__Task details__.
Below are some entries. Transcribe the lines from the one holding "Game of Throne, Targaryen" to the one holding "Women's Midi Denim", inclusive, but not the pictures among them.

__Task material__.

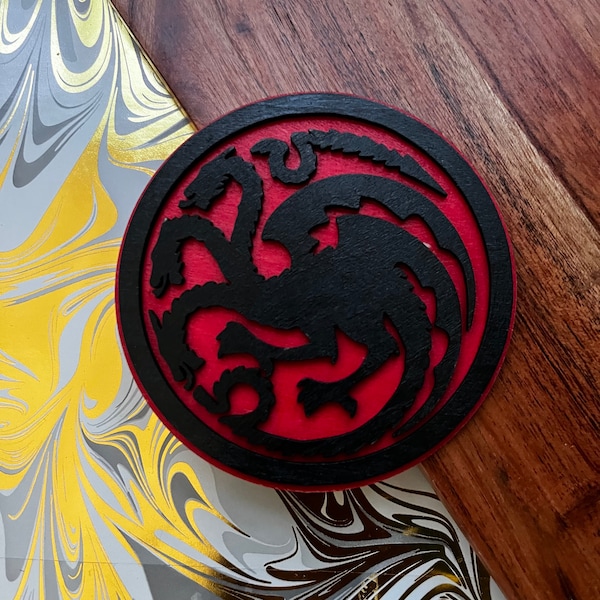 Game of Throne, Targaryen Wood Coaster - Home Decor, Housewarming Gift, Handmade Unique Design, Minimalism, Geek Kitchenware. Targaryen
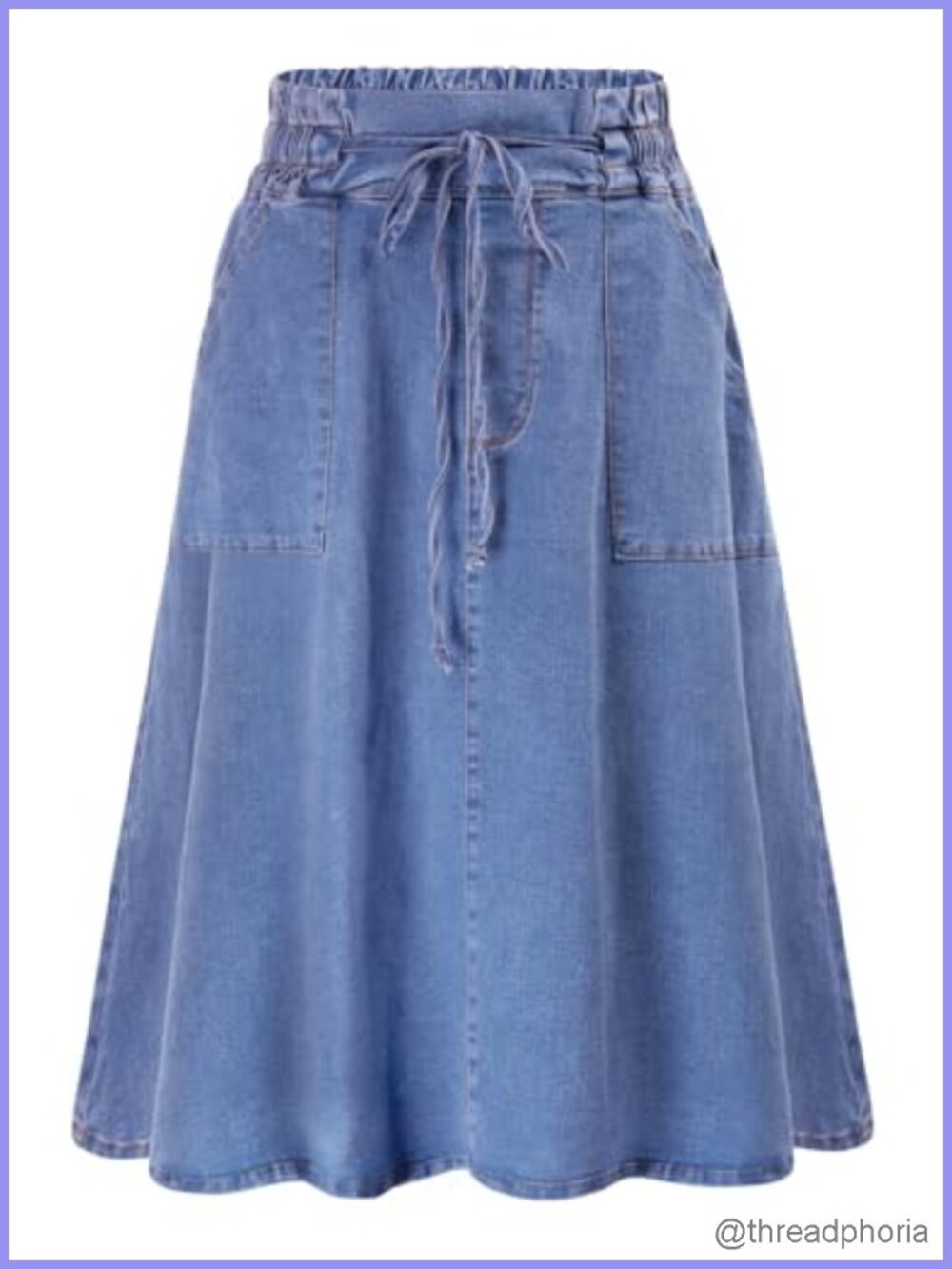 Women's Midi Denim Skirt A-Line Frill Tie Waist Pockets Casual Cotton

==

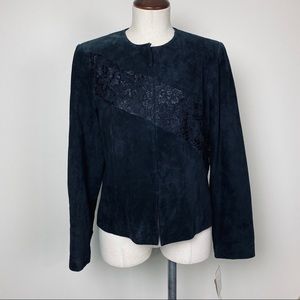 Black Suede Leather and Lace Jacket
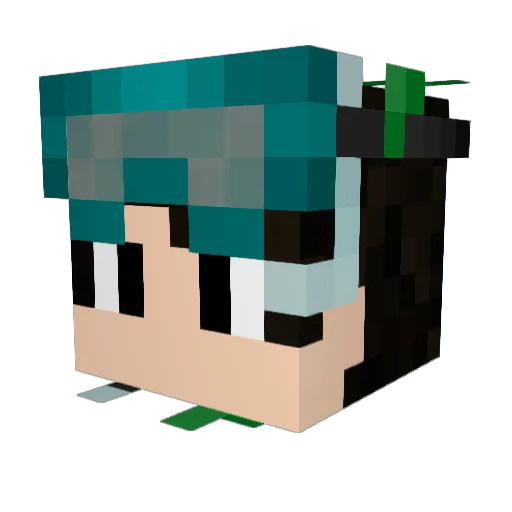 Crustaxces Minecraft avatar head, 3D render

__Response to this task__.
 Game of Throne, Targaryen Wood Coaster - Home Decor, Housewarming Gift, Handmade Unique Design, Minimalism, Geek Kitchenware. Targaryen
 Women's Midi Denim Skirt A-Line Frill Tie Waist Pockets Casual Cotton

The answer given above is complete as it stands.